La journée s’est poursuivie avec des ateliers autour des parcours d’acculturation. L’objectif était alors d’imaginer à quoi pouvait ressembler des parcours tant sur le fond (contenu) que sur la forme (séquence).

Les parcours d’acculturation aux données

L’après-midi a été consacrée à la réflexion autour des parcours. En partant des profils imaginés pendant la matinée, l’objectif était alors de dessiner le parcours le plus adapté à chaque profil et en mesure de lui permettre de s’acculturer aux données, en prenant en compte les besoins et les contraintes.

Les quatre profils et parcours imaginés étant relativement proches, nous avons décidé, dans un souci de synthèse, d’en tirer un parcours type qui serait destiné à des agents de collectivités territoriales de taille moyenne (villes et agglomérations de 10 000 à 100 000 habitants) et qui permettrait aux agents d’acquérir un niveau intermédiaire.

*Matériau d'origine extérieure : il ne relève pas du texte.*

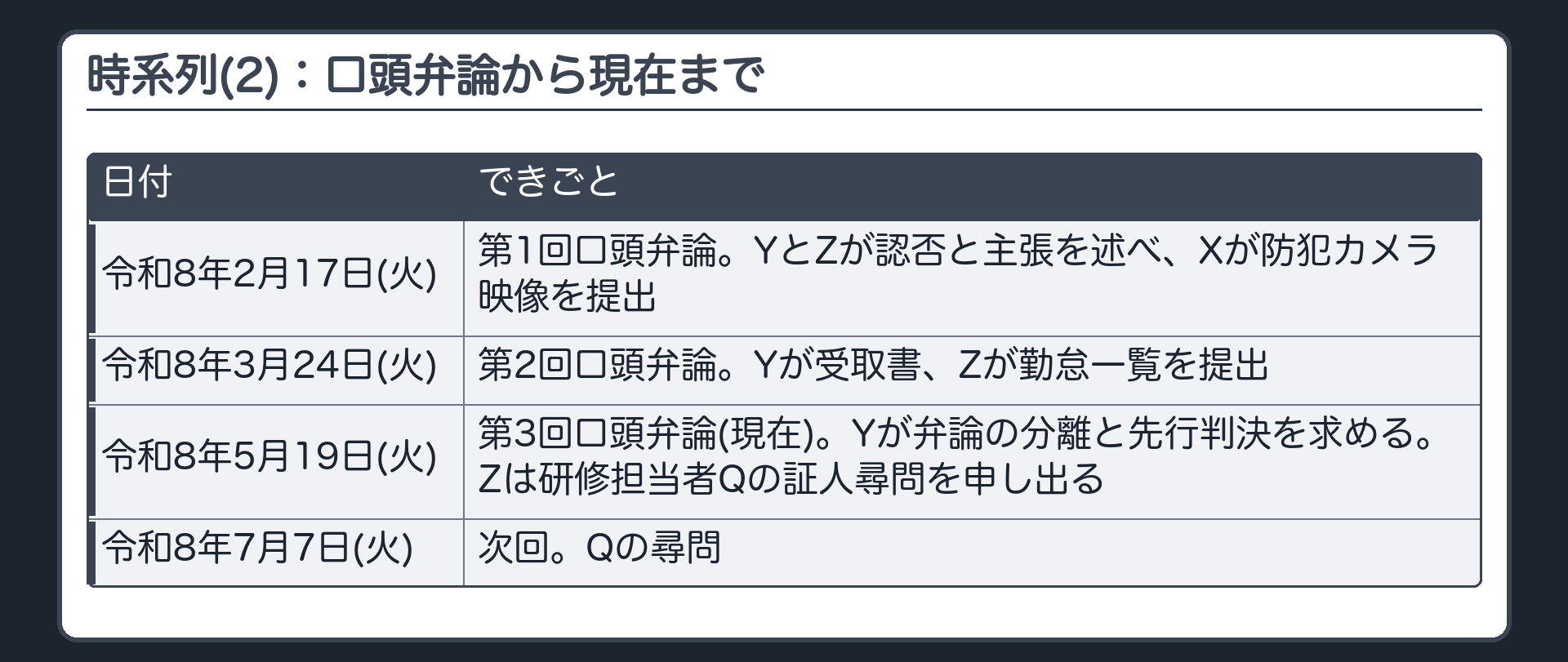 時系列(2)：口頭弁論から現在まで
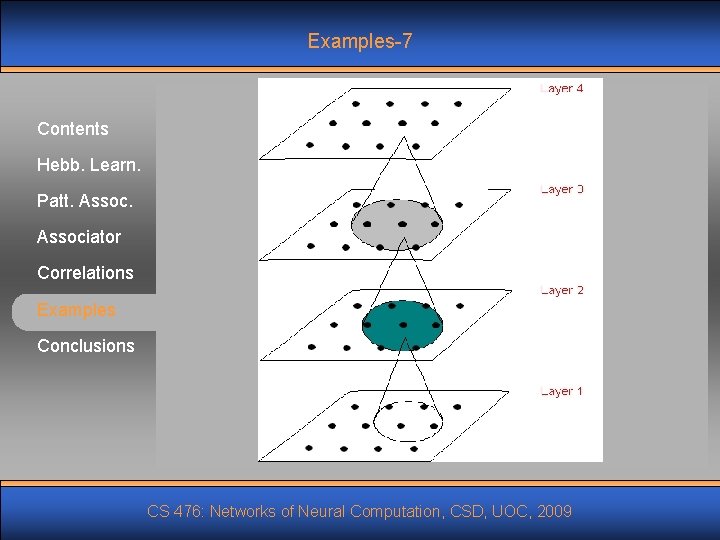 Examples-7 Contents Hebb. Learn. Patt. Associator Correlations Examples Conclusions CS 476: Networks of Neural Examples-7 Contents Hebb. Learn. Patt. Associator Correlations Examples Conclusions CS 476: Networks of Neural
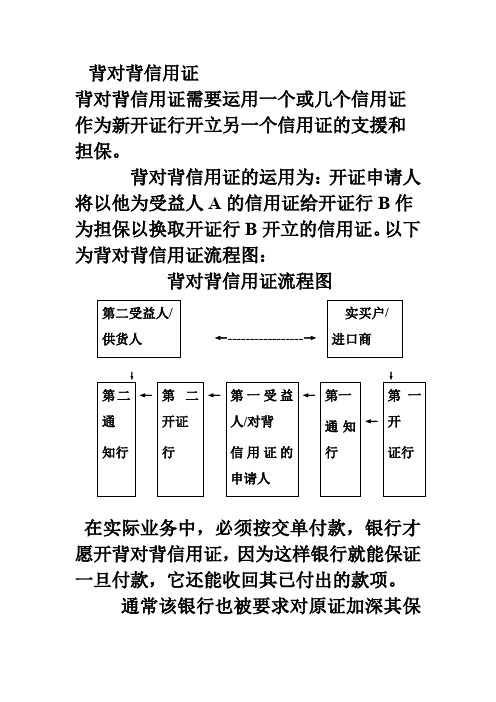 背对背信用证流程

Les compétences visées par ce parcours sont :

  • Comprendre les données

  • Connaître le cadre légal et les enjeux de gouvernance et de souveraineté

  • Exploiter les données à travers des tableaux de bord et/ou de la datavisualisation

  • Maîtriser le contexte métier lié aux données

Témoignages, questions et pistes d’actions

Cette journée a été rythmée par de nombreux témoignages et échanges qui sont venus enrichir la réflexion autour de la culture des données. Ils nous ont inspiré, posé des questions et ouvert des pistes d’actions.

Nous avons eu le plaisir d’accueillir des porteurs de projets autour de l’acculturation aux données qui nous ont partagé leur expérience et expertise. Ces interventions nous ont permis de considérer les données autrement, par exemple, comme un matériau artistique que l’on peut appréhender de manière tangible.

Nous remercions Hélène Bégon (Ecolab, MTE), Florence Haxel (Datalogy), Augustin Courtier (Open Data University), Quitterie de Marignan (Indice de Fragilité Numérique), Justine Sperandio-Martinez (DATAcculturation), Sylvia Fredriksson, Gabriel Martinez Servili, Eva Vedel et Amélie Samson (programme DATA_Sculptures, ESAD Orléans) pour leurs précieux partages !

Les questions :

  • Comment concilier la culture des données et les cultures « associées » ? Par exemple, un citoyen est-il capable de mobiliser des données de l’eau pour contribuer à la transition écologique sans une éducation dans le domaine hydrique ?

  • Comment identifier les points d’accroche et susciter l’adhésion (les bénéfices au quotidien, les avantages, l’intérêt, etc.) ?

  • Comment évaluer la progression lors d’un parcours d’acculturation (outils et critères d’évaluation) ?

Les pistes d’actions :

  • Développer et partager un lexique des données pour favoriser la diffusion d’un langage commun. Un lexique original (qui ne soit pas nécessairement sous forme de dictionnaire) et accessible à tous (effort de vulgarisation).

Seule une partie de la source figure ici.